En las semanas previas a la votación el ministro de interior italiano había figurado en el centro de todas las polémicas. Aprovechando el caso del Acuarius, Salvini había escenificado su furiosa xenofobia, y se esperaba una respuesta popular en las urnas. Pero la realidad fue justo la contraria: una parte importante del electorado italiano ha respaldado con sus votos el discurso ultraderechista de la Lega, y Salvini puede seguir con sus payasadas racistas.
Su mensaje victorioso tenía un destinatario obvio. La cara de la izquierda-que-insulta era la del escritor Roberto Saviano, a quien amenazó con retirarle la escolta que le protege de la camorra. El autor de Camorra no dudó en contestarle, escribiendo una columna en The Guardian donde le llamó "bufón", "mediocre", "tonto" y "mafioso".
Pero la amenaza no eran sólo palabras, sino que abría un escenario nuevo. Como ministro de interior, Salvini representa el Estado como estructura policial, el Estado como monopolio de la violencia. Su arbitrariedad en el uso de las fuerzas de seguridad, extorsionando públicamente a un intelectual para acabar con las críticas, desborda la legalidad italiana. Si hasta ahora podíamos verlo como una figura del nuevo ecosistema de la ultraderecha en Europa y Estados Unidos, este gesto tiránico nos obliga a repensar la naturaleza del fascismo en los sistemas democráticos. ¿Cómo debemos tratar este fenómeno? ¿El caso italiano es equiparable al de otros estados autoritarios, fascistas o dictatoriales?

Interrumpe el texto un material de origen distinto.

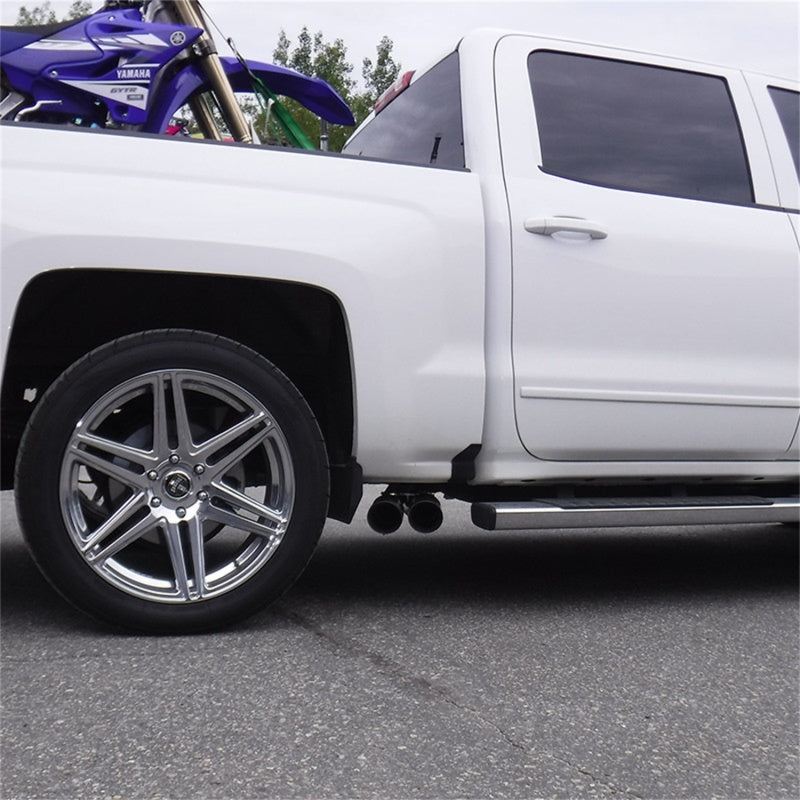 MBRP 09+ Chevrolet Silverado 1500 3in Cat Back Pre-Axle Dual Outlet w/ 4in Tip - Black - eliteracefab.com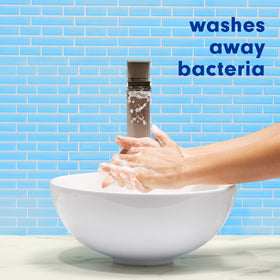 Softsoap ingredient panel closeup showing paraben-free formulation reassurance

Fue precisamente Umberto Eco, el escritor e intelectual italiano, quien en una conferencia pronunciada en 1995 propuso hasta 14 elementos para identificar el fascismo. Destacaba el "nacionalismo y la xenofobia", la "envidia y miedo al enemigo", el "llamamiento a las clases más frustradas" o el "populismo cualitativo", características todas ellas que podemos encontrar en Salvini y las políticas de la Lega. Pero el estudio del semiólogo italiano iba mucho más allá, y señalaba propiedades más específicas, como el "culto a la tradición", el "rechazo al modernismo", el "principio de guerra permanente" o el "culto a la muerte". Con el paso de los años, la lista de Eco ha servido para discriminar el fascismo: no sólo para identificarlo, sino también para evitar frivolizar con el concepto.
Tomemos por un momento el caso de Estados Unidos. ¿Tiene sentido hablar de Trump como un líder fascista? En un sentido intuitivo, sí: políticas xenófobas, populismo, miedo al enemigo, nacionalismo, llamamiento a los frustrados. Pero al final, por lesivas que sean para la clase trabajadora o para las personas migrantes, sus políticas se ajustan al contexto democrático. Incluso después de recibir gran cantidad de ataques verbales por parte de escritores e intelectuales, su respuesta más radical fue contra Stephen King: lo bloqueó en Twitter. Ni tan sólo la avalancha de publicaciones desafiantes que siguieron a su nombramiento causó una reacción desproporcionada por parte del presidente.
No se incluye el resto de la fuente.